Work to be completed: Transcribe the listing below word for word but skip its images.

═══ Recorded information ═══

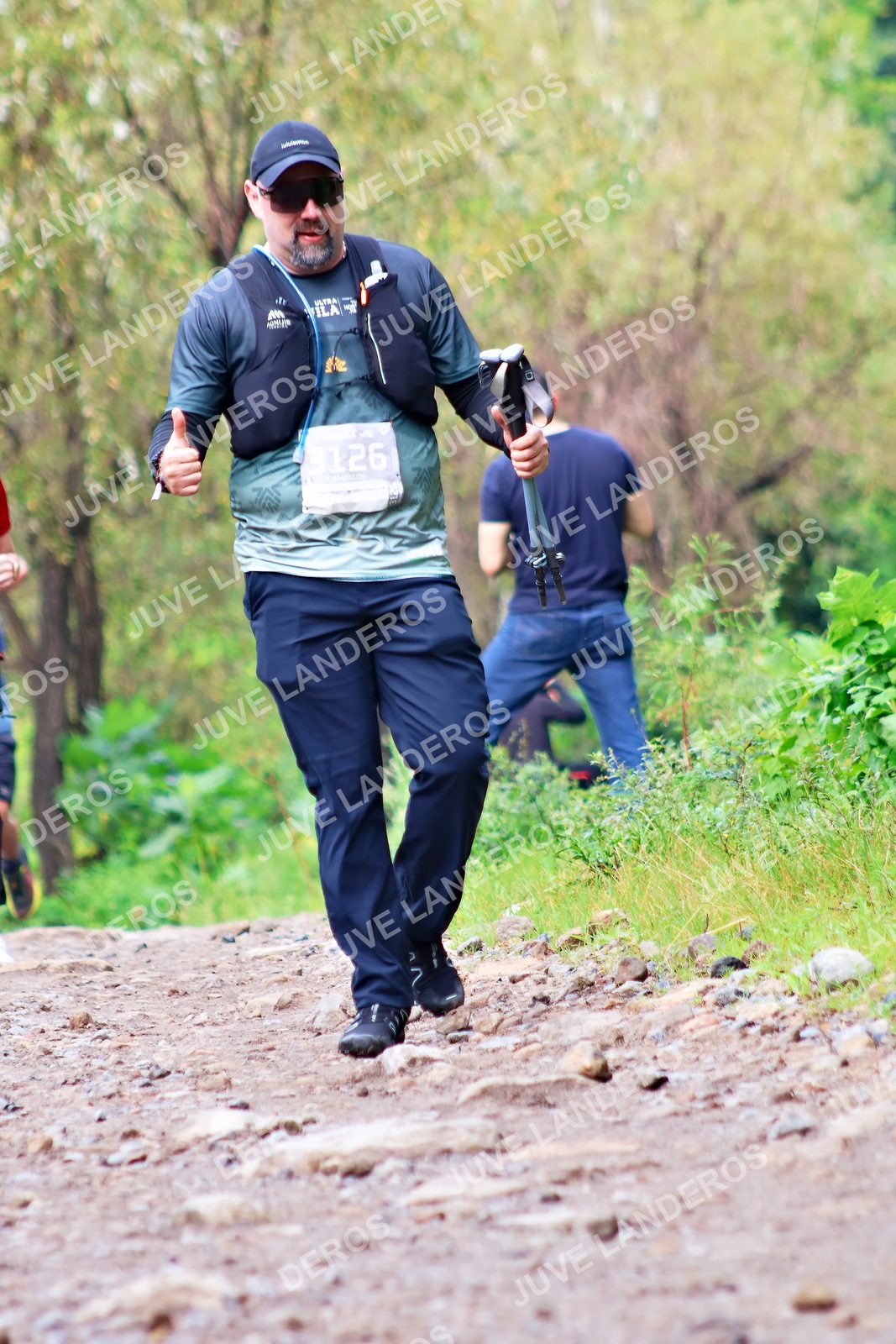 Foto del ULTRA TEQUILA 2026 a las 08:45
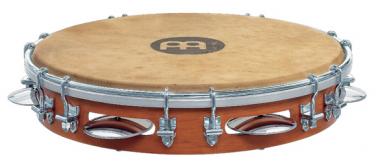 MEINL PA10CN-M Pandeiro 10 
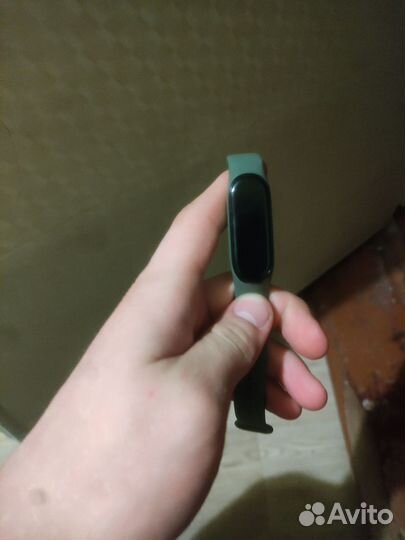 Xiaomi mi band 4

═══

Written answer:
 Foto del ULTRA TEQUILA 2026 a las 08:45
 MEINL PA10CN-M Pandeiro 10 
 Xiaomi mi band 4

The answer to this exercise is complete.